Functional adjustments and behavioral updates for Hive are introduced in Cloudera Runtime 7.3.2, its service packs and cumulative hotfixes.
Cloudera Runtime 7.3.2
Cloudera Runtime 7.3.2 introduces functional adjustments, behavioral updates
for Hive, and includes all service packs and cumulative hotfixes from 7.3.1.100 through
7.3.1.706. For a comprehensive record of all functional adjustments in Cloudera Runtime 7.3.1.x, see Behavioral Changes.
- Summary:
- Handling invalid date formats in
to_date
function.The behavior of the to_date function has changed between Cloudera Runtime versions 7.1.7 SP2 and 7.1.9 when handling invalid date
formats.
- Previous behavior:
- Valid dates (e.g., YYYY-MM-DD): Returned correct
results.
Invalid dates: Returned random, unexpected dates instead of NULL.
- New behavior:
- Following the changes introduced inHIVE-28483:
Valid dates: Continue to return correct
results.
Invalid dates (e.g., DD-MM-YYYY): Now return NULL.
- Summary:
- Metastore secondary connection pool size is now configurable
- Previous behavior: The Metastore's secondary connection
pool had a fixed size of 2. This often led to connection limitations, especially under heavy
workloads.
- New behavior:: You can now configure the metastore's
secondary connection pool size using the property
datanucleus.connectionPool.secondary.maxPoolSize. This lets you adjust the
pool beyond its default of 2, preventing connection limitations and improving
performance.
- Summary:
- New configuration available to disable the Partition Management Task
- Previous behavior:
- It was not possible to disable the
PartitionManagementTask, which put a heavy load on the Cloudera Manager Metastore when managing a large number of tables and partitions. Customers had a tedious workaround by providing a pattern via metastore.partition.management.database.pattern / metastore.partition.management.table.pattern.
- New behavior:
- You can now set the metastore.partition.management.task.frequency configuration to 0 to disable the partition management task cluster-wide. This helps to reduce the load on the Cloudera Manager Metastore.
Apache Jira: HIVE-25324
- Summary:
- New default restriction for Iceberg table data file locations
- Previous behavior:
- In earlier versions, the hive.iceberg.allow.datafiles.in.table.location.only property was set to false by default. This allowed Hive to access and read Iceberg data files even if they were located outside of the specific table directory.
- New behavior:
- The default value for hive.iceberg.allow.datafiles.in.table.location.only is now true. This security enhancement ensures that only data files located within the table directory are accessible. If you attempt to read an Iceberg table that contains data files outside of its directory, Hive now returns an error. If your existing workflows rely on data files stored in external locations, you can disable this restriction by using the Cloudera Manager to set the property to false.
- Summary:
- Lineage information computation enabled by default
- Previous behavior:
- Previously, lineage information was computed only if specific hardcoded post-execution hooks were configured or if the deprecated HIVE_LINEAGE_INFO property was set to true.
- New behavior:
Lineage information is now collected by default for all queries.
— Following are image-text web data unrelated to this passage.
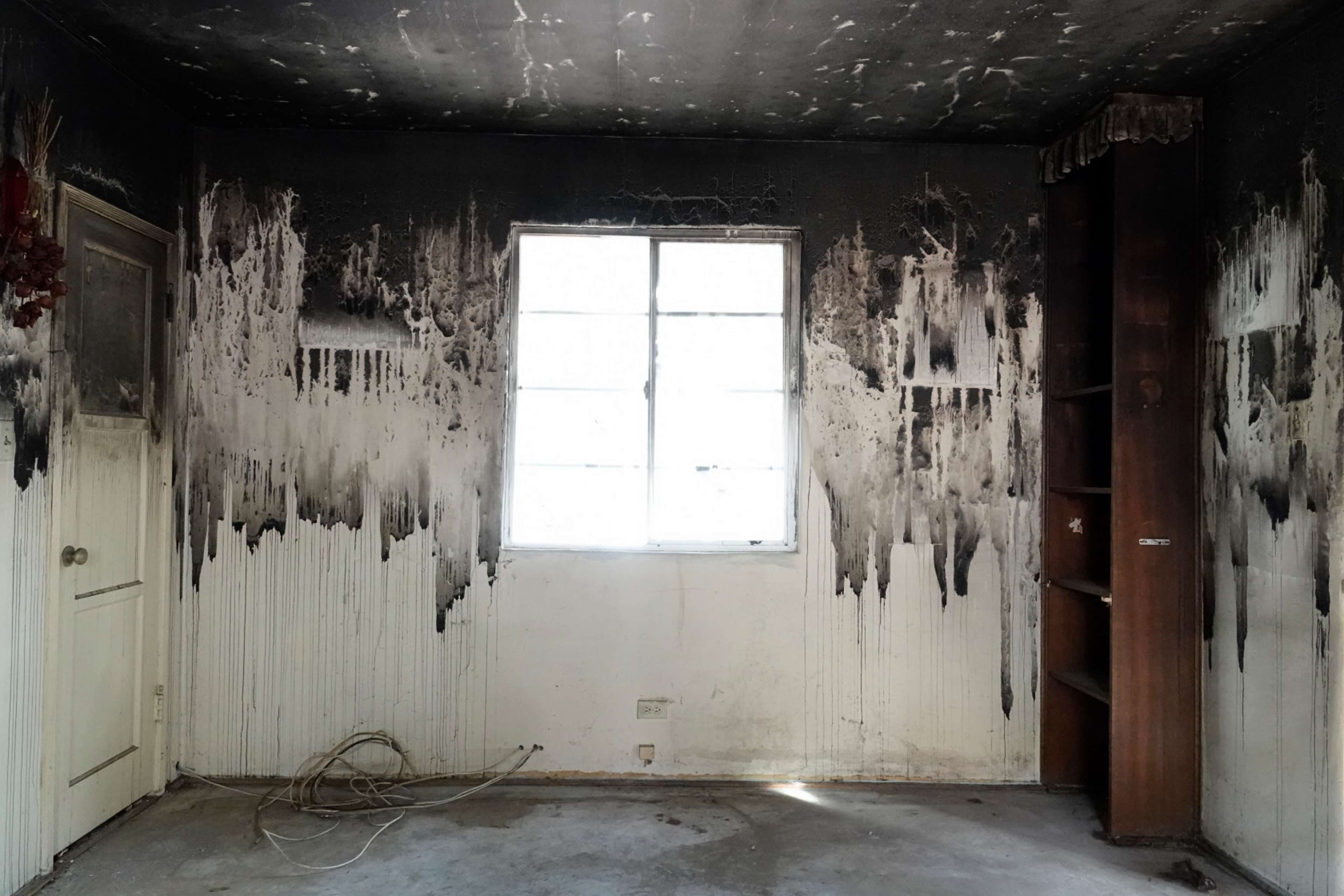 The room features charred walls with streaks of black soot and a window allowing light to filter into the space.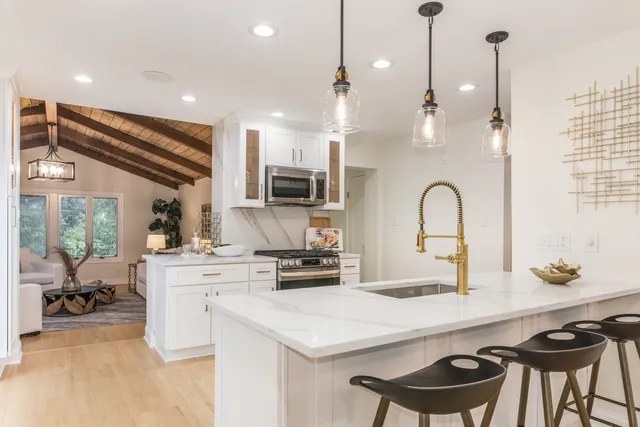 a kitchen with kitchen island a stove a table a sink and cabinets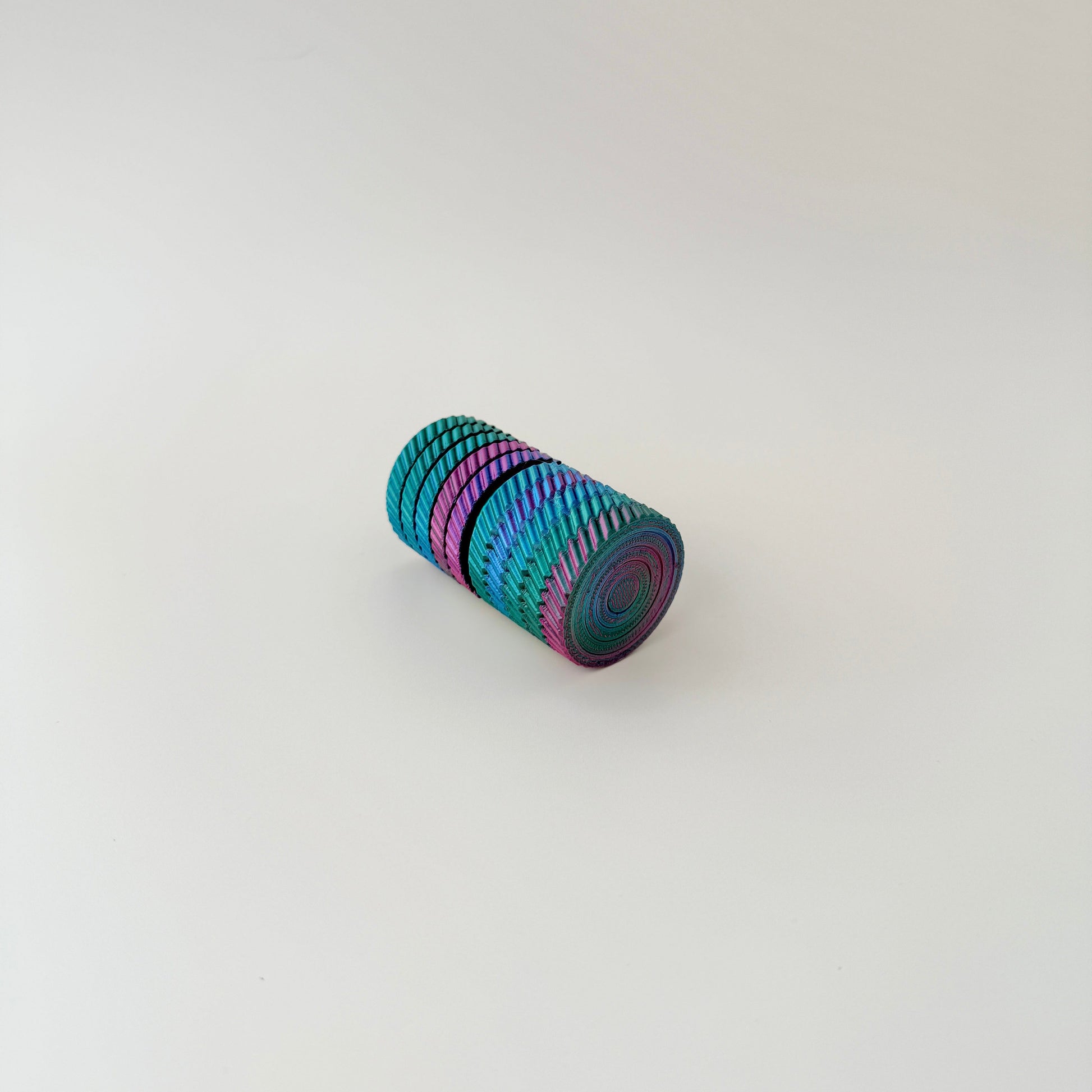 A 7cm tall spinning fidget toy with colourful layers that twist and rotate.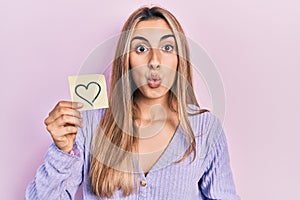 Beautiful hispanic woman holding heart reminder scared and amazed with open mouth for surprise, disbelief face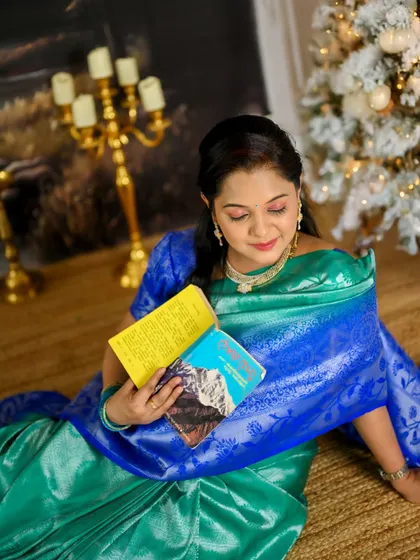 A quiet moment from a traditional saree shoot in the studio. The classic painted backdrop and props create a very serene and artistic feel.
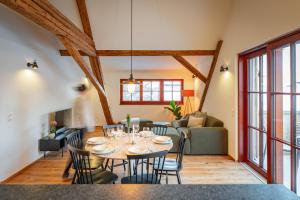 a dining room and living room with a table and chairs at tobel 1853 apartments in Leutkirch im Allgäu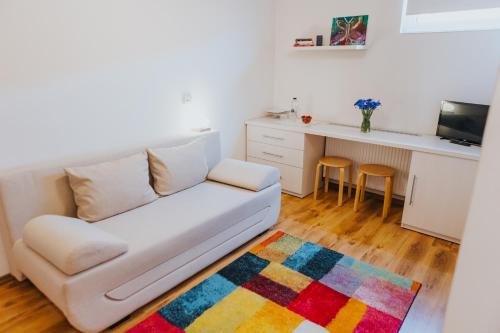 a living room with a white couch and a kitchen at Camelia's cozy place in Baia Mare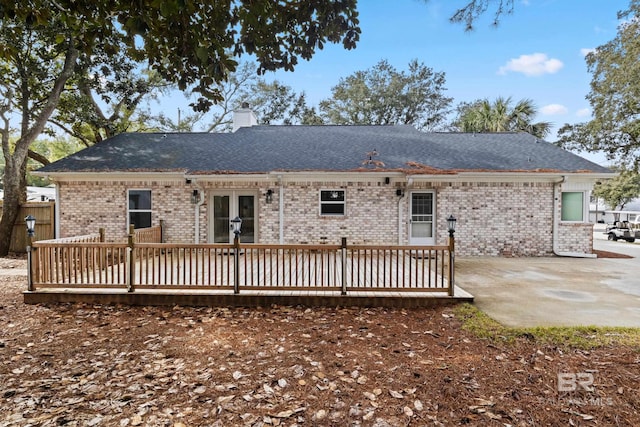 back of house featuring french doors, a patio, a chimney, a wooden deck, and brick siding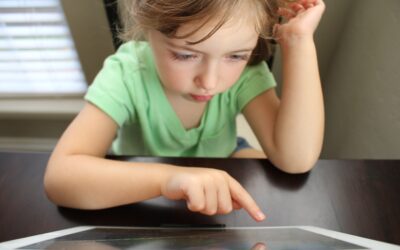 Menina pequena usando o dedo para tocar na tela de um tablet apoiado sobre uma mesa.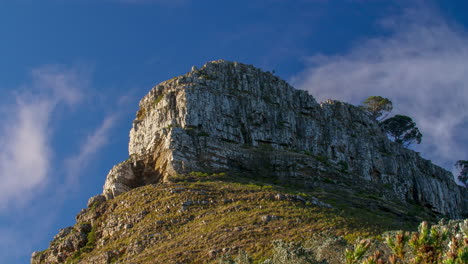 a rocky mountain landscape with a paraglider in the sky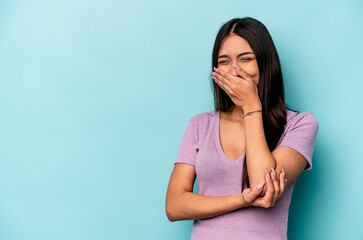 Young hispanic woman isolated on blue background laughing happy, carefree, natural emotion.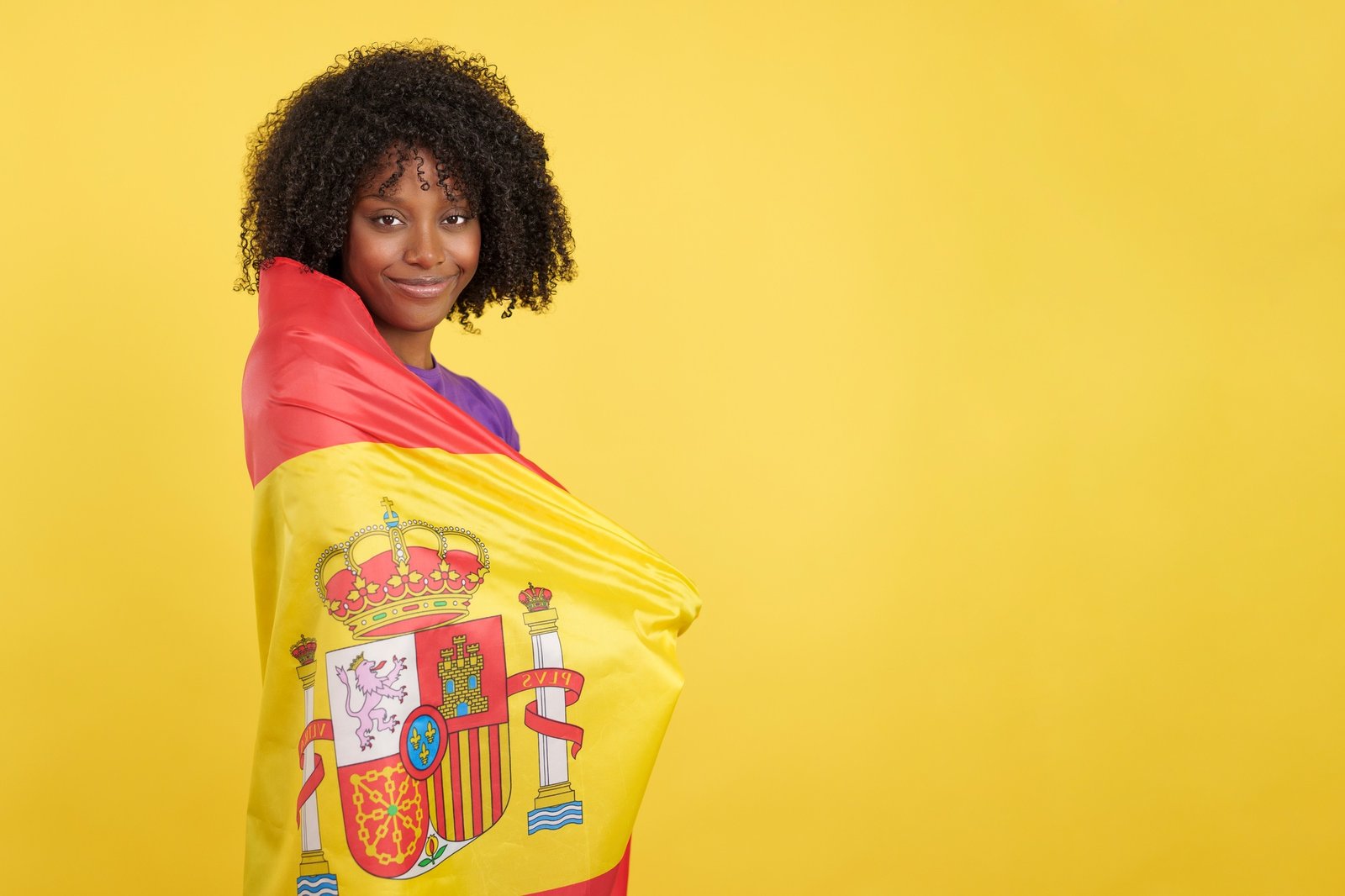 Migrant woman with afro hair wrapped with a Spanish flag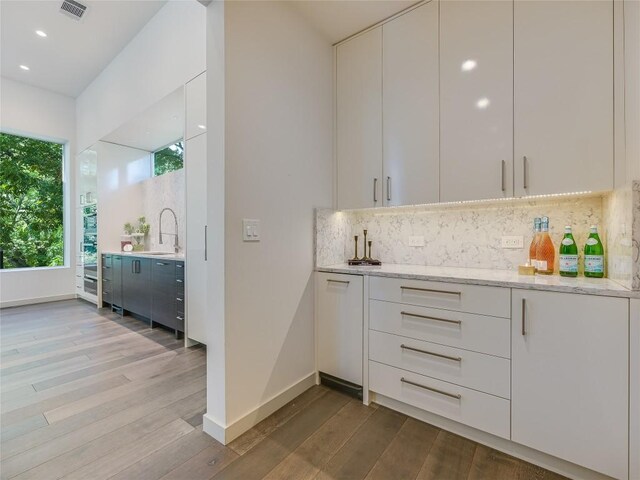 bar with light stone countertops, white cabinetry, sink, backsplash, and light wood-type flooring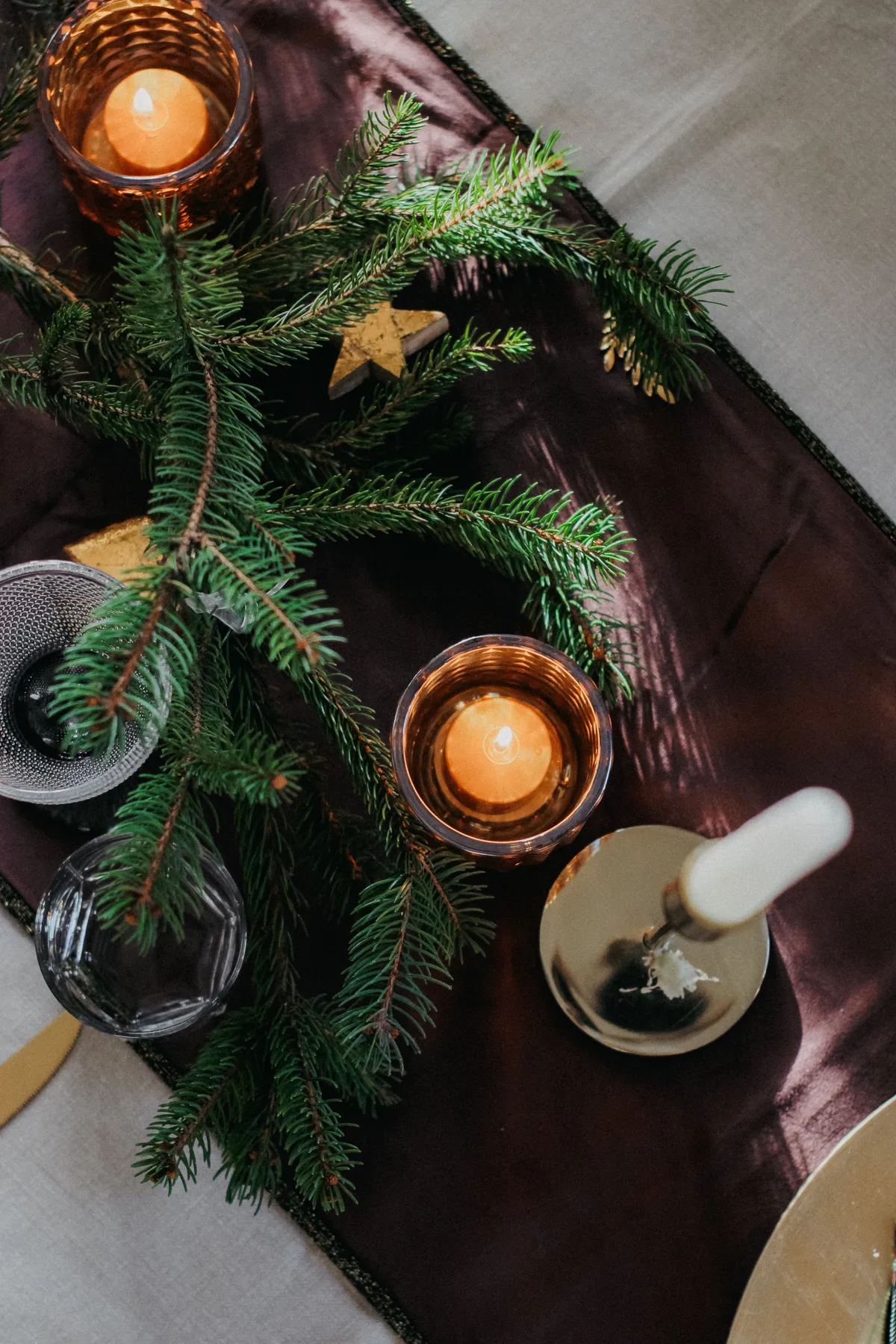 Elegant Christmas table setup with candles and evergreen branches for a festive ambiance.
However, the system only records and passes lineage to hooks for the specific query types
defined in the HIVE_LINEAGE_STATEMENT_FILTER property. By default, this
includes CREATE_TABLE, CREATE_TABLE_AS_SELECT,
CREATE_VIEW, CREATE_MATERIALIZED_VIEW, and
LOAD.Apache Jira: HIVE-28768
- Summary:
- Increased Batch Sizes for COMPUTE STATS
- Previous behavior:
- The COMPUTE STATS query previously failed on tables containing more than 5000 columns. This issue was specific to wide tables and could not be resolved by dropping and rerunning the query.
- New behavior:
- To resolve this, we enable the batch retrieval or insertion of the object metadata by default. The default value of the hive.metastore.direct.sql.batch.size property is changed from 0 to 1000, and the default value of the metastore.rawstore.batch.size property is changed from -1 to 500. After this change, COMPUTE STATS queries now run successfully on tables with more than 5000 columns.